Although Downhills draws in some middle-class families attracted to its inclusive, creative ethos, it also has a very challenging intake. Some 46% of its children are eligible for free school meals, while for 73%, their first language is not English. Downhills is also said to have a large population of Gypsy Roma children, who nationally have the lowest results of any ethnic group.

When Ofsted visited in January, 92% of parents returning questionnaires agreed with the statement "I am happy with my child's experience at this school".

Despite this, since that inspection Downhills has been on a "notice to improve" from the inspectorate because of its test results. These had one particularly bad year in 2009, when only 40% of pupils achieved the expected level in English and maths.

In September, however, when inspectors returned, they reported that Downhills was improving. Schools are usually given 12 to 18 months to turn themselves around under this Ofsted process.

But now the school faces a different future. Downhills is particularly vulnerable because Gove has powers, under an act he hastened through parliament last year, to force into academy status any school that is said by Ofsted to need "special measures" or that has a notice to improve.

Academies are schools set up under a private contract between Gove and a sponsor: usually either another school or a privately run, though currently non-profit-making, academy chain.

Gove's officials and Haringey, the local authority, have been in discussions since July. Letters between the two show the Department for Education pushing for 10 of the borough's primaries to convert to sponsored academies.

Downhills' position became clear after a meeting two weeks ago between governors and two DfE representatives, including Jacky Griffin, a former council education director now working as a consultant. Education Guardian has heard a recording of the meeting.

Griffin told the group: "What I'd particularly like to focus on today is whether the course of action of becoming a sponsored academy is one that you would like to take with us … or whether we have to take back the message that that's not what you want to do, and see what happens as a consequence of that."

This was followed by a letter four days later from Lord Hill, schools minister, who said that Gove was "minded" to make an academy order – forcing academy status on Downhills – and to use powers granted to the government under Labour to appoint a new governing body.

He said the school had been "below the [KS2 results] floor standard" for five years, even though Downhills' latest figures, published three days after the letter was sent, see it just above floor target – with 61% of children reaching expected levels in English and maths – and faring better than the national average with disadvantaged children.

But Hill asked the governors to write back by 13 January setting out how they would pass a resolution to become an academy, "with a named sponsor agreed with the DfE". Griffin said the school was expected to become an academy in September.

The process was "brutal", says one source at the school.
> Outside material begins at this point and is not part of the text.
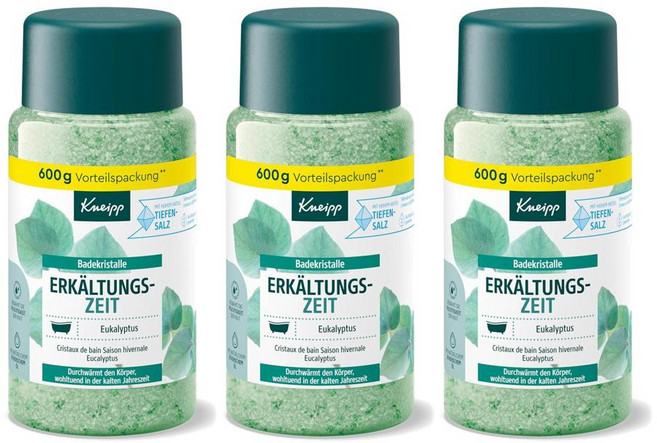 크나이프 유칼립투스 민트 에센셜 오일 함유 배스 바스 크리스탈 솔트 목욕 소금 입욕제 600g 3개 (독일) Kneipp Erkaltungs-Zeit Bath Crystals Co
Church himself says he was in tears on first learning of the school's fate; governors were also said to be sobbing following Hill's letter. Gove, it is said, has never visited the school.

Other schools are in Downhills' position. In June it was revealed that 377 civil servants are working on promoting and implementing the academies policy, at a cost of £4.3m. Officials working for Gove and Liz Sidwell, the schools commissioner, have been touring England in recent weeks talking to local authorities and governing bodies about how schools with low Sats results must become academies by September.

Haringey is one of nine local authorities where these officials have been pushing hardest for more sponsored primary academies. The others are: Kent, Birmingham, Essex, Lancashire, Northamptonshire, Leeds, Bristol and Durham.

In Haringey alone, at least three other schools have been given an ultimatum: agree to sponsored academy status by mid-January, or we will force it on you.

The National Association of Head Teachers says that, nationally, at least 200 primaries with low results – lower than Downhills' – are already being moved towards sponsored academy status. But the final number is likely to be much larger; the NAHT says most authorities are coming under pressure in some way, in both primary and secondary sectors.

One head of a secondary school that is in the process of converting to a sponsored academy says: "A senior local authority official came to see me a few months ago. He said: 'Are you thinking of becoming an academy? Because you need to. The DfE are looking at your results. You will become a converter [sponsored] academy.' We were given no option."

Christine Blower, general secretary of the National Union of Teachers, says: "This is a major political attack on state education. This is not schools opting for academy status; this is the government forcing schools away from local authority influence into the arms of external sponsors. It is hugely undemocratic.

"It is the forced privatisation of our schools. People have not woken up to what is happening to our education system."

Back at Downhills, what most enrages parents queuing up to speak to Education Guardian is the lack of say anyone connected to the school seems to have in its future. Several say they chose the school because of that creative, happy ethos and how wrong it was that this could change, if a sponsor came in, with a different, possibly more narrowly results-focused, approach.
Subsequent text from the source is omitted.